- [THE DATA]:
....
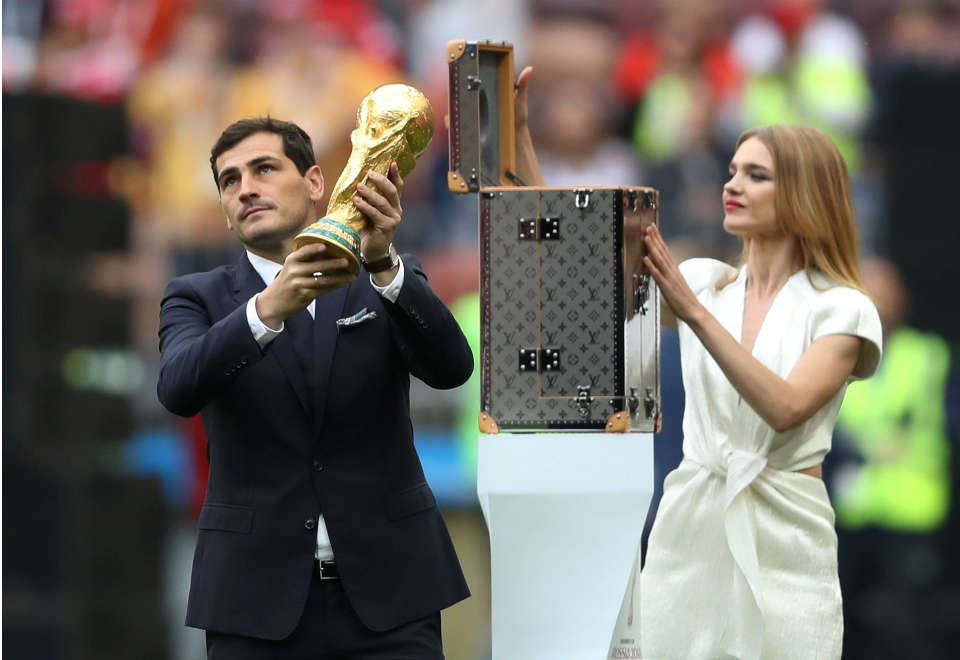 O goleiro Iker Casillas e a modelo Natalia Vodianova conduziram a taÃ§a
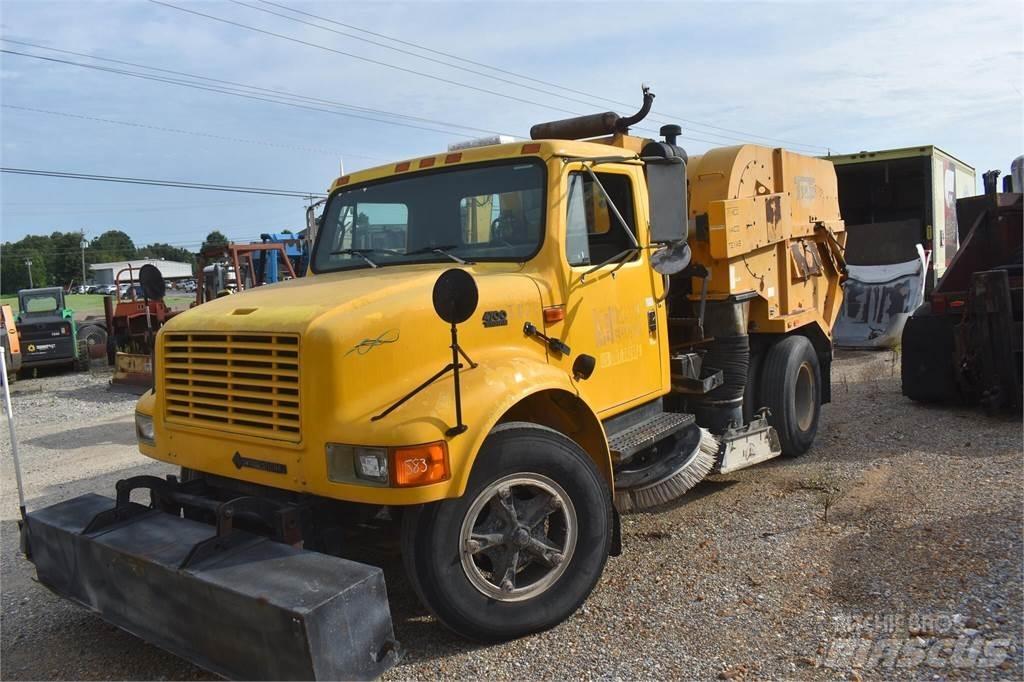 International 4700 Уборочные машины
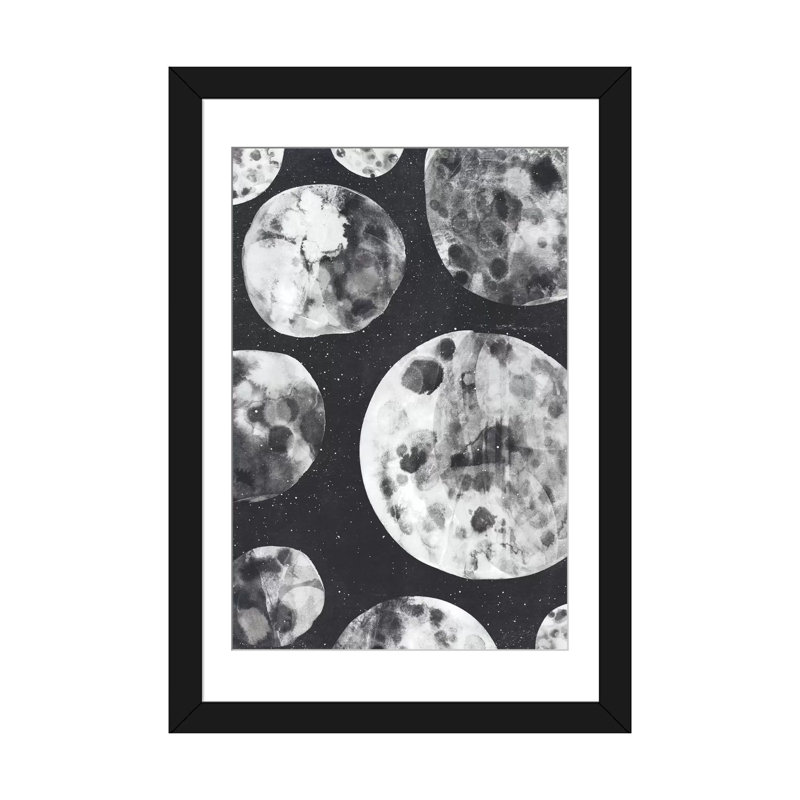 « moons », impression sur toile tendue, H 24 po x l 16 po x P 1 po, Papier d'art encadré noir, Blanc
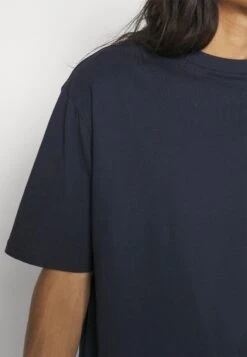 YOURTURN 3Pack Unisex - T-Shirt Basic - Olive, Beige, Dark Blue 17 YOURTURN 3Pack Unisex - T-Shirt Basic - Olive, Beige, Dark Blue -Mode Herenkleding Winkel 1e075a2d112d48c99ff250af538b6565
....
The listing above must be restated word for word. Its pictures are to be left out.

- [RESULT]:
 O goleiro Iker Casillas e a modelo Natalia Vodianova conduziram a taÃ§a
 International 4700 Уборочные машины
 « moons », impression sur toile tendue, H 24 po x l 16 po x P 1 po, Papier d'art encadré noir, Blanc
 YOURTURN 3Pack Unisex - T-Shirt Basic - Olive, Beige, Dark Blue 17 YOURTURN 3Pack Unisex - T-Shirt Basic - Olive, Beige, Dark Blue -Mode Herenkleding Winkel 1e075a2d112d48c99ff250af538b6565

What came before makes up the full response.